[Records from a dataset]
★ ★ ★ ★

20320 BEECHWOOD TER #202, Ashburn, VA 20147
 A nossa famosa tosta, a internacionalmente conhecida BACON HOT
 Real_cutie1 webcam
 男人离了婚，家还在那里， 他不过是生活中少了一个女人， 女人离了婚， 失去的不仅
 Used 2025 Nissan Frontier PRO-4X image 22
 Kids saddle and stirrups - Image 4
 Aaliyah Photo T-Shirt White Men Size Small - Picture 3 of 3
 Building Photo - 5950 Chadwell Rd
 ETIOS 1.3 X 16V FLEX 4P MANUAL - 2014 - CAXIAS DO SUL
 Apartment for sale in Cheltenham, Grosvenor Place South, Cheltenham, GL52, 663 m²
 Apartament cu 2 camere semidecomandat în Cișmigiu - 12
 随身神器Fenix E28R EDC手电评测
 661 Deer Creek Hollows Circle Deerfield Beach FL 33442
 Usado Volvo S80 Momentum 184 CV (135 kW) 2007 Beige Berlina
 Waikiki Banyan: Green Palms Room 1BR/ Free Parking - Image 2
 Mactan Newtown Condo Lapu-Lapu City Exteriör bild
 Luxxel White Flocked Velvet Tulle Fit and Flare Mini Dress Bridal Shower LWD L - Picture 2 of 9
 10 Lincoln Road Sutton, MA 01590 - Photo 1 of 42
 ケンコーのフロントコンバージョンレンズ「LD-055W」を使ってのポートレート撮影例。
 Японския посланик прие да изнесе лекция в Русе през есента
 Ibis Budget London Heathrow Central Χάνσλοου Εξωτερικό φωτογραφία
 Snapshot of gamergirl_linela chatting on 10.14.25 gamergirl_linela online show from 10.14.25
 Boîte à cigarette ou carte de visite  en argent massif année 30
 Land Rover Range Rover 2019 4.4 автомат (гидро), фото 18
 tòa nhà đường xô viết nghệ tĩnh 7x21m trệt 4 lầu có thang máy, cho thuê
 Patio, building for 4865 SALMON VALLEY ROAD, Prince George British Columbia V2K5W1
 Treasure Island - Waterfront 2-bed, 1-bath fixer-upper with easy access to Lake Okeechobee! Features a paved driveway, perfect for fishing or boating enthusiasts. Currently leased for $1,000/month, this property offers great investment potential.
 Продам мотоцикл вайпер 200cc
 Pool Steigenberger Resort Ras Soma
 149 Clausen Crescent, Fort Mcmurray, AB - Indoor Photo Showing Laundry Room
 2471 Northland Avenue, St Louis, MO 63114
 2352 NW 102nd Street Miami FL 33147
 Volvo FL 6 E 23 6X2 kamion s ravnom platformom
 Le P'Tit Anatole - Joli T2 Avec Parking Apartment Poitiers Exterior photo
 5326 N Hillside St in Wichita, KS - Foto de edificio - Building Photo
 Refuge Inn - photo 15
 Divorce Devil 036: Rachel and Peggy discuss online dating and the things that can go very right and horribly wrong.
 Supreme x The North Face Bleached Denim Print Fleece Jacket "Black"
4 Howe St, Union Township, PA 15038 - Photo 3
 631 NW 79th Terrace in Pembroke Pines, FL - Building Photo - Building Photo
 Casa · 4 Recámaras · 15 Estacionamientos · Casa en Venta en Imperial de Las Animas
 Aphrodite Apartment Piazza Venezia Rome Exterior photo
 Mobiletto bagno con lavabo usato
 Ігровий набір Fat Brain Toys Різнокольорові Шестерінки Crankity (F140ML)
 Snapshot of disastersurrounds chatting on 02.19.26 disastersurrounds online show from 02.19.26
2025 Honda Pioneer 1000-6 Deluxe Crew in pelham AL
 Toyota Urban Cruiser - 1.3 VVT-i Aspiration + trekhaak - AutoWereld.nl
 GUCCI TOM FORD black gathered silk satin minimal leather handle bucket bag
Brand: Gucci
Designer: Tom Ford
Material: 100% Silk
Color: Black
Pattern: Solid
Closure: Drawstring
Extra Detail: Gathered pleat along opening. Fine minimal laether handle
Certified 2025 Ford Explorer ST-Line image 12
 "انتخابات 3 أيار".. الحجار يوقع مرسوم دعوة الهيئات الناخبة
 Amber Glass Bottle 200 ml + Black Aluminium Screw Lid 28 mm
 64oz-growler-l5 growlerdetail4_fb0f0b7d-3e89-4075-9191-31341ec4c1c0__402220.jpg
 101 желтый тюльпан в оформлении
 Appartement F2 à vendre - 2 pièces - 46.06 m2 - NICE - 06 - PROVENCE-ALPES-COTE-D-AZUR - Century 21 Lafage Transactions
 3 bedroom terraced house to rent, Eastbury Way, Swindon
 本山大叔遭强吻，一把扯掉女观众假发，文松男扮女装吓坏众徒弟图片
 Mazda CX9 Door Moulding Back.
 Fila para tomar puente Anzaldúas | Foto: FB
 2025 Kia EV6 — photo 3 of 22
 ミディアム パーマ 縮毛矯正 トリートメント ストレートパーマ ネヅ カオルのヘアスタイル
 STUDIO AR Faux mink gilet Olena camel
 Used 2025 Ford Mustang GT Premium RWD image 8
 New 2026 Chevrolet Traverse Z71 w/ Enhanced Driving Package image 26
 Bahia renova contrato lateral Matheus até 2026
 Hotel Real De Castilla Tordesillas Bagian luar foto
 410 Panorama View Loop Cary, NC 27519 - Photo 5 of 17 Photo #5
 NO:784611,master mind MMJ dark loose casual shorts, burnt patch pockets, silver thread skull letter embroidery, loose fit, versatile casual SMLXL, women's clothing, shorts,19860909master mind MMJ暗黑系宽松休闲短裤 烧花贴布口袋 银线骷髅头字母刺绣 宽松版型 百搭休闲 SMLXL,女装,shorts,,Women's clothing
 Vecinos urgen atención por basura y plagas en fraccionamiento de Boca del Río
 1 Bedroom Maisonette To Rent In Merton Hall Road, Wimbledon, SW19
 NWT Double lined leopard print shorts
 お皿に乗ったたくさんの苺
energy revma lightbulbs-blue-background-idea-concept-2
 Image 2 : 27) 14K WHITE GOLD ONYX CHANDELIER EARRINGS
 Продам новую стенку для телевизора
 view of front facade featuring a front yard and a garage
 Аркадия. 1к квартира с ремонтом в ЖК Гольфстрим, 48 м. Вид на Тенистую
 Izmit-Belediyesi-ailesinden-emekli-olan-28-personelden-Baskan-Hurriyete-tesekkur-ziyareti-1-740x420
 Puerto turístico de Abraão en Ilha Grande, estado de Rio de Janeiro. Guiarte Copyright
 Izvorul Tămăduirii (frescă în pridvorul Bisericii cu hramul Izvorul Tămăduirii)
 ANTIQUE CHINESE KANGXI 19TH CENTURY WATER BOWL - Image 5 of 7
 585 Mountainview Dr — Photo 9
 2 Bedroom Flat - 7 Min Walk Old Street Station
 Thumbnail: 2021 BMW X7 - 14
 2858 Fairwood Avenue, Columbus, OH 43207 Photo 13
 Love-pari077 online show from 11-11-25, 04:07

★ ★ ★ ★

Exercise details
All the lines that hold the word "minimal" must appear in the answer, copied from the records.

Expected output
 GUCCI TOM FORD black gathered silk satin minimal leather handle bucket bag
Extra Detail: Gathered pleat along opening. Fine minimal laether handle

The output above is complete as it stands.